Mailbag: Ardipithecus, the documentary

Regarding the “Discovering Ardi” program:

I thought the animation of Ardipithecus walking was kind of wierdly UNhuman like actually. I'd have to go back and look at it again but it seemed kind of li ke a waddler..... NO?

The legs were totally straight; if it had been chimp-like, there would have been a bent-leg stride and more side-to-side.
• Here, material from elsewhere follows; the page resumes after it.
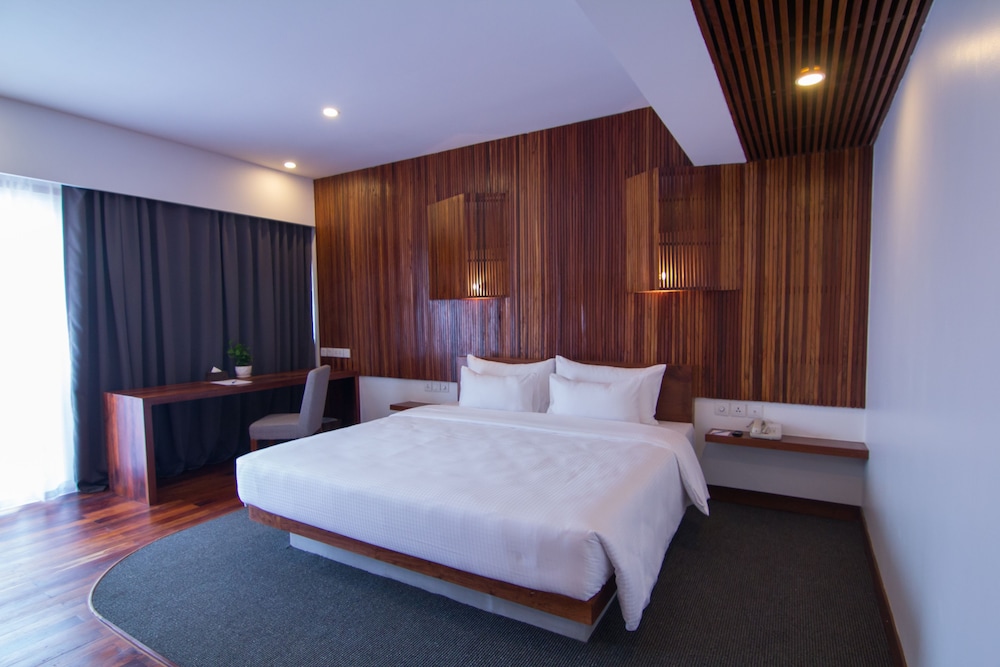 Executive Suite, Pool View photo 2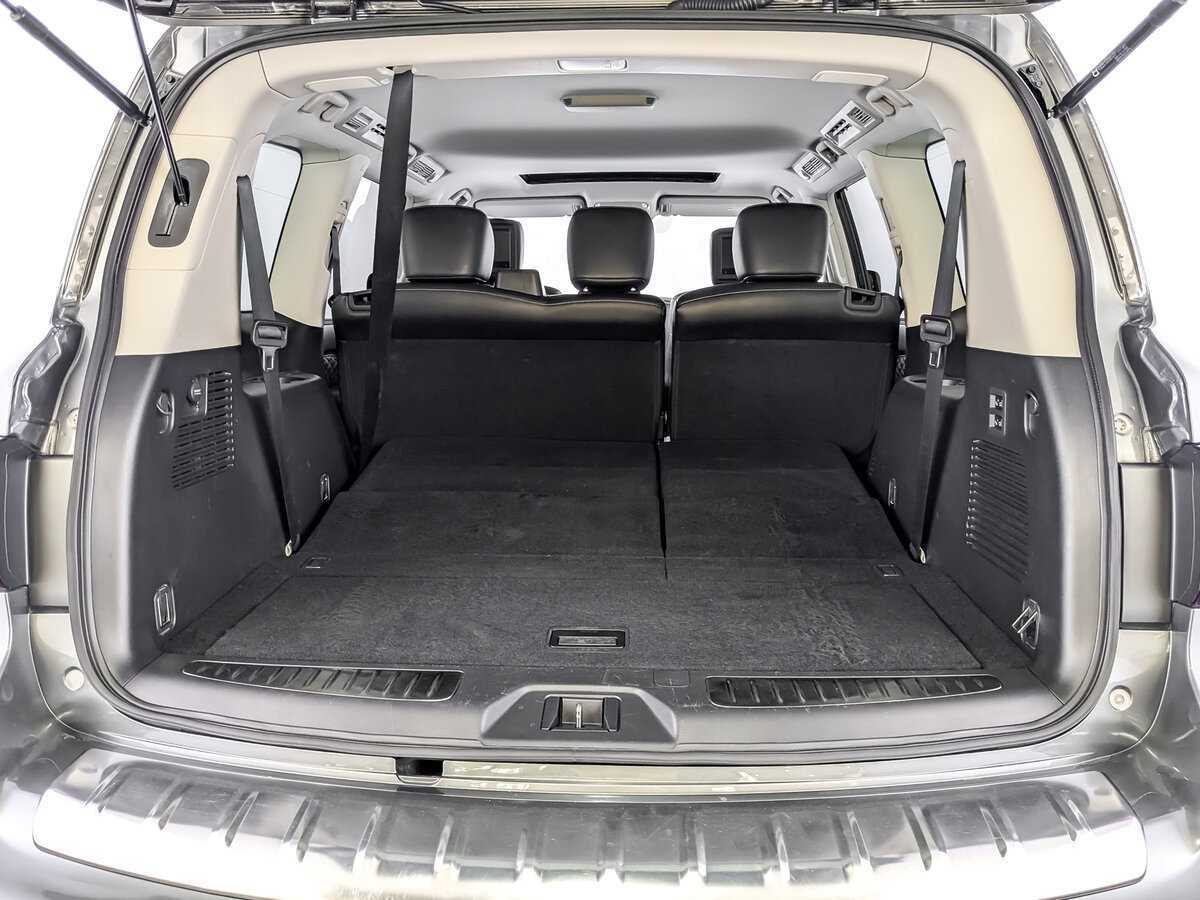Infiniti QX80, 2018 Фото №10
I think the only thing chimp-like about it was that the toe-off required it to tripod up onto the 1-2 MT/P joints, kind of like a turkey walking. And then there was the arm-swing, which with a 1.5x human length arm looked like Shaggy from Scooby Doo.

And from another reader:

Many people seem to be searching for evidence of exclusive pair bonding among human ancestors in the archaeological record (e.g. Lovejoy's observations in the Ardi program). They are jumping to the wrong conclusion, I think. Exclusive pair bonding tends to create stronger pairs, but a weaker group. Network bonding (numerous partners both ways) tends to produce weaker individual pairs, but a stronger group. An anology from chemistry might be the differences between graphite and diamond caused by the differences in carbon bonds. In a small group, any bonding behavior that creates strong preferences and strong aversions should inevitably tend to create ready fracture lines within the group. Ultimately, this should tend to decrease the long term viability of both the group and the individuals. Conversely, bonds which criss-cross the group tend to make the loss of any one individual less painful and to make both the group and the remaining individuals more resilient. This search for pair exclusive bonding evidence seems to be an unwarranted intrusion of modern culture into scientific work.

I think this is a really good point.

I don’t know how much you know the field, but Lovejoy’s views on pair-bonding are highly ideosyncratic – they mostly bear influence because he is well-known for other work.

The idea of adapting to social networks is much more the wave of the future. It’s not immediately obvious what morphological correlates (if any) we might expect as a consequence of network bonding.